Students may ask the University to amend a record that they believe is inaccurate. They should write the University official responsible for the record, clearly identify the part of the record they want changed, and specify why it is inaccurate.
If the University decides not to amend the record as requested by the student, the University will notify the student of the decision and advise the student of his or her right to a hearing regarding the request for amendment. Additional information regarding the hearing procedures will be provided to the student when notified of the right to a hearing.
- The right to consent to disclosures of personally identifiable information contained in the student's education records, except to the extent that FERPA authorizes disclosure without consent.

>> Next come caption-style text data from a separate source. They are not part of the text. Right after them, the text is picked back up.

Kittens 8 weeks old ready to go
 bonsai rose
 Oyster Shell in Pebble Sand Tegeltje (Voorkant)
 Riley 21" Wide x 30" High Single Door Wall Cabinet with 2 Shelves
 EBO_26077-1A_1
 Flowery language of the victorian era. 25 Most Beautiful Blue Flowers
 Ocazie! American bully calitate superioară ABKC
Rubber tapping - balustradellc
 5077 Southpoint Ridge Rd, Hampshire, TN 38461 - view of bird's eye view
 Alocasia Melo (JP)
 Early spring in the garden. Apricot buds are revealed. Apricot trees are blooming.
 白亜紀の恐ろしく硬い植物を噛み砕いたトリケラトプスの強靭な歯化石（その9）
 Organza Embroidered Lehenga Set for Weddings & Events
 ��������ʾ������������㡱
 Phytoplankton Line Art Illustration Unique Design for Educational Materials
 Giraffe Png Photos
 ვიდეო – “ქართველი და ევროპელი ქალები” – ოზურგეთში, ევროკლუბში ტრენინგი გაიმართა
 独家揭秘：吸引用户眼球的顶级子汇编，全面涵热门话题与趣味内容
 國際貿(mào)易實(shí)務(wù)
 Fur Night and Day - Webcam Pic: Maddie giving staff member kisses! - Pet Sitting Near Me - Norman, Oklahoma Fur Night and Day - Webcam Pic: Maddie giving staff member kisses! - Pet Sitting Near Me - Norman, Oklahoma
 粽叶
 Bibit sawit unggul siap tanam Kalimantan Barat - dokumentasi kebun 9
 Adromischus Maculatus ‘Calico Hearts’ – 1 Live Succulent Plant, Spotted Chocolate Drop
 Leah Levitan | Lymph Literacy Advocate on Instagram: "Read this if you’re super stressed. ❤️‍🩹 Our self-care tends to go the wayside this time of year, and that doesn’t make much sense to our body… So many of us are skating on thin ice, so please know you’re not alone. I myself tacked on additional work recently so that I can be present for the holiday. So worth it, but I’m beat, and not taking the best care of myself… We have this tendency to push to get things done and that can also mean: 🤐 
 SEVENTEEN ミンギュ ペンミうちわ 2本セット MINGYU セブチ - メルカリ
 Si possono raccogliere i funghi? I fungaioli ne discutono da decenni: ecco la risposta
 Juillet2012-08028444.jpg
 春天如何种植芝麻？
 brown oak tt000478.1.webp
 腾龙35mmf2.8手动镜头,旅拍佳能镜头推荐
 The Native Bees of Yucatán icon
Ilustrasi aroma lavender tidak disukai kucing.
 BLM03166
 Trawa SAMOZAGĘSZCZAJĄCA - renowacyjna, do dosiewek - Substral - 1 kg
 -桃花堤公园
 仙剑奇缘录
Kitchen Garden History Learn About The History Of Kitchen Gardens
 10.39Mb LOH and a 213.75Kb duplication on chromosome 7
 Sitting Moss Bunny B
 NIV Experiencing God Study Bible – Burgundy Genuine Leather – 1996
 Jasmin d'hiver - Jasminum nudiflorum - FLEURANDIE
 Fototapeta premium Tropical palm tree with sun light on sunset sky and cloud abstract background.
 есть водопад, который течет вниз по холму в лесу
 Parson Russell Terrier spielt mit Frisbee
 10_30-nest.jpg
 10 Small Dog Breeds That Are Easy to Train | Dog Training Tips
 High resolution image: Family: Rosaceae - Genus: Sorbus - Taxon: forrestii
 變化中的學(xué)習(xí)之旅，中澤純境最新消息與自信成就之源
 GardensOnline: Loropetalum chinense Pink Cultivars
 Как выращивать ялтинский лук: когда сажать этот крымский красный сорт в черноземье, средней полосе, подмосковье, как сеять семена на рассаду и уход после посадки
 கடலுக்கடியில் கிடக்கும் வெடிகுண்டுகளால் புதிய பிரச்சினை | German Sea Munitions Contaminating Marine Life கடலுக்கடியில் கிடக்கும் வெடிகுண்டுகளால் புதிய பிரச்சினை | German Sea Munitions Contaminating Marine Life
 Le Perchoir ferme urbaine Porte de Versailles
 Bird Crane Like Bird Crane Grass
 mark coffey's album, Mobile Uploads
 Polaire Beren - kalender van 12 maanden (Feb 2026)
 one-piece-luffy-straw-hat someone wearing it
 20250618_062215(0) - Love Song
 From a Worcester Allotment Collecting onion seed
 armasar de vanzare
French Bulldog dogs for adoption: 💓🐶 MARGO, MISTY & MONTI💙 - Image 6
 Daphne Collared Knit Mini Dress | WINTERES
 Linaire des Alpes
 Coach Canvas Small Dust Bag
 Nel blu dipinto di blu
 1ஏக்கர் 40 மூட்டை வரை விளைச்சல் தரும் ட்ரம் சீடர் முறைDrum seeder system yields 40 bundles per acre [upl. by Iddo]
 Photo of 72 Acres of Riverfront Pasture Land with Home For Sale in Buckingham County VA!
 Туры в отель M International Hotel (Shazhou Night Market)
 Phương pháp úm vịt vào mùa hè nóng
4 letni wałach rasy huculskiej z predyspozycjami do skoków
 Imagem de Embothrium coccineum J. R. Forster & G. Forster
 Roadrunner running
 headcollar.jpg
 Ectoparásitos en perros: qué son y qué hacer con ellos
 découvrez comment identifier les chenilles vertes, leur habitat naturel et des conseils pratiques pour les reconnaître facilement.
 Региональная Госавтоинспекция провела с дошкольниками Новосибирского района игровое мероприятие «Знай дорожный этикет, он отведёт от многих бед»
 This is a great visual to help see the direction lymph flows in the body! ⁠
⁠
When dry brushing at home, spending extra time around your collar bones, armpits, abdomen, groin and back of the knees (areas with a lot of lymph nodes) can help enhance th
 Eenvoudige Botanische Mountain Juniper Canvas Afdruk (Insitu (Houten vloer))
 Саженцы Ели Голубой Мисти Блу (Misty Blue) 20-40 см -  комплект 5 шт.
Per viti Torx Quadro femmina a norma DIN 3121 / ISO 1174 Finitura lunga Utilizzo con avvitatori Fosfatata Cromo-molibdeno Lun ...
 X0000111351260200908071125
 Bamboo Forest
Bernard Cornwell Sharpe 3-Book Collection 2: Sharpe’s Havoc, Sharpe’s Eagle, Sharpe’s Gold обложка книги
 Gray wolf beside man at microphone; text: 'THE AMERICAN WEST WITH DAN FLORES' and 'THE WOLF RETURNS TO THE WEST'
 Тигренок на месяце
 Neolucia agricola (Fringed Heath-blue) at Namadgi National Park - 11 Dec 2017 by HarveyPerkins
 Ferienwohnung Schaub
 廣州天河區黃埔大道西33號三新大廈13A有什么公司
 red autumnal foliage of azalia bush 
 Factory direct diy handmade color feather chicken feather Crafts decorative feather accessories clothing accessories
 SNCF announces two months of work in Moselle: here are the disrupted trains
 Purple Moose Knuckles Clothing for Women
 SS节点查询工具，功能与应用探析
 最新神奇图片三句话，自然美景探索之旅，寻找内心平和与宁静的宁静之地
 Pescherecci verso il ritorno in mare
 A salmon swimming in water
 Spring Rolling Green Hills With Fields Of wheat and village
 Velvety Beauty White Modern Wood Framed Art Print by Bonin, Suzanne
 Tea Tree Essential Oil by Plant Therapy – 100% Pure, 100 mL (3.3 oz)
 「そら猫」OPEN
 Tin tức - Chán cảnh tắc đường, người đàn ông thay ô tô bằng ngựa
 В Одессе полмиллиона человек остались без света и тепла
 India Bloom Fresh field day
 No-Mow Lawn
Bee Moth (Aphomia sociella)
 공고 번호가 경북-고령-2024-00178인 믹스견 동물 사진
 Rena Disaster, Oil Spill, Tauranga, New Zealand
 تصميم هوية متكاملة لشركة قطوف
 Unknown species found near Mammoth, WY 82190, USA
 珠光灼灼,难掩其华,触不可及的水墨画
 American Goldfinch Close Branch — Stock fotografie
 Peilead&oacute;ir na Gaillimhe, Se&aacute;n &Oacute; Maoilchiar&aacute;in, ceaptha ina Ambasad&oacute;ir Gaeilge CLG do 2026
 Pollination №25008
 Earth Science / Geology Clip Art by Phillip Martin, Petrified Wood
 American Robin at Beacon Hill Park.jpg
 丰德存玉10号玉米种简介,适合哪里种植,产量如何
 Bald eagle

One exception, which permits disclosure without consent, is disclosure to school officials with legitimate educational interests. A school official is a person employed by the University in an administrative, supervisory, academic or research, or support staff position (including law enforcement unit personnel and health staff); a person or company with whom the University has contracted (such as an attorney, auditor, or collection agent); a person serving on the Board of Trustees; or a student serving on an official committee, such as a disciplinary or grievance committee, or assisting another school official in performing his or her tasks.
A school official has a legitimate educational interest if the official needs to review an education record in order to fulfill his or her professional responsibility.
Upon request, the University may disclose education records without consent to officials of another school in which a student seeks or intends to enroll.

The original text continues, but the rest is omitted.